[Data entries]
********************

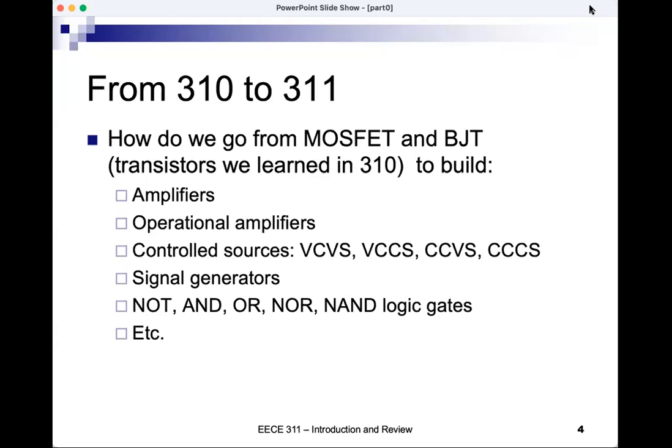The reason we want to build an op-amp is because it is a very important building block in all of analog electronics. If we can build an op-amp, many things become very easy. The op-amp is very useful for building all kinds of things — not just amplifiers, but also filters and oscillators and many other things.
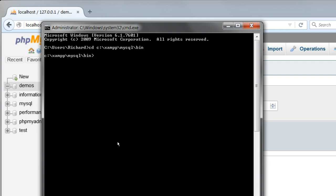Type mysql space dash u space root, and then if you set a password for phpMyAdmin, dash p and the password. I used the word simple as the password. If you have no password, omit the dash p and the password. Remember there is no space between the dash p and the password itself.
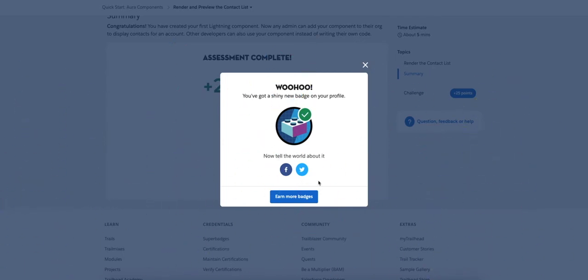Hello and welcome to another Salesforce and Trailhead tutorial with myself, Jonathan Fox. Today we're going through the quick start with Aura Lightning Components.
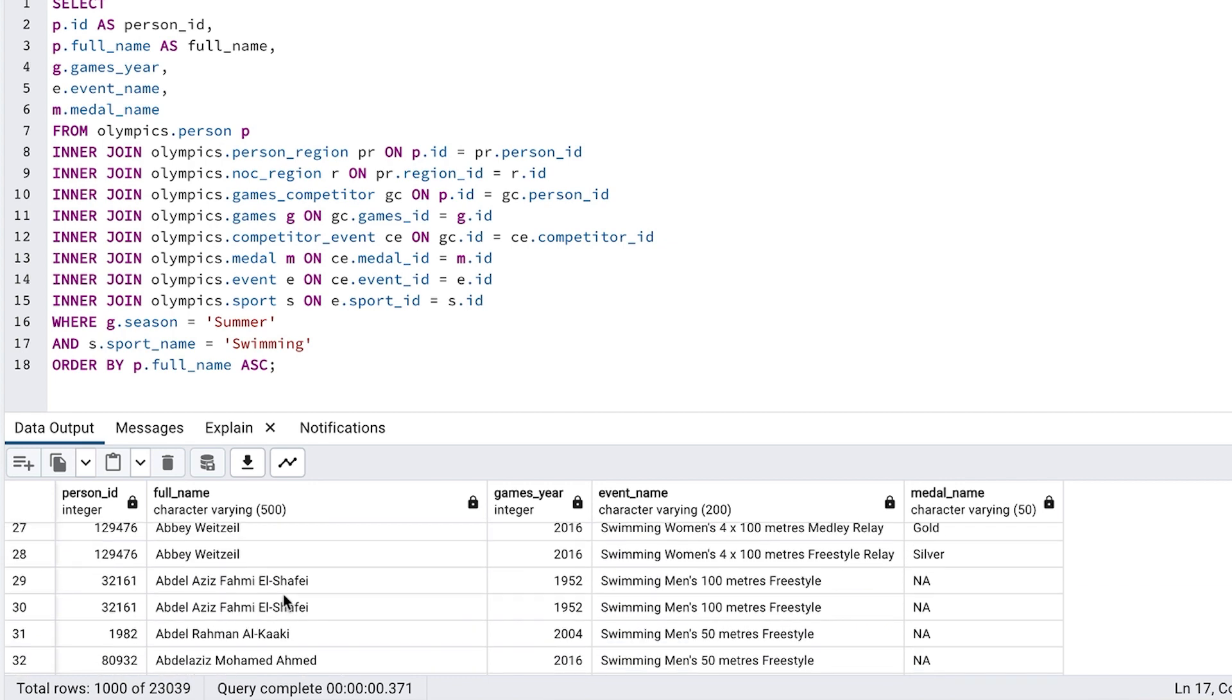Let's find one. We can see this row here has been duplicated. The same ID, the same person name, the same year, same event name, and same medal. Why does this appear? We removed the distinct keyword.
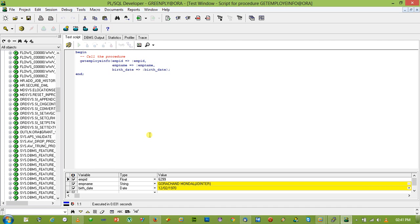So that's all. That's a little gist about in and out parameter in an Oracle PL/SQL procedure. Thank you.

********************

#### The problem:
Each line of the records is to be reproduced exactly, and each picture dropped.

#### Your response:
The reason we want to build an op-amp is because it is a very important building block in all of analog electronics. If we can build an op-amp, many things become very easy. The op-amp is very useful for building all kinds of things — not just amplifiers, but also filters and oscillators and many other things.
Type mysql space dash u space root, and then if you set a password for phpMyAdmin, dash p and the password. I used the word simple as the password. If you have no password, omit the dash p and the password. Remember there is no space between the dash p and the password itself.
Hello and welcome to another Salesforce and Trailhead tutorial with myself, Jonathan Fox. Today we're going through the quick start with Aura Lightning Components.
Let's find one. We can see this row here has been duplicated. The same ID, the same person name, the same year, same event name, and same medal. Why does this appear? We removed the distinct keyword.
So that's all. That's a little gist about in and out parameter in an Oracle PL/SQL procedure. Thank you.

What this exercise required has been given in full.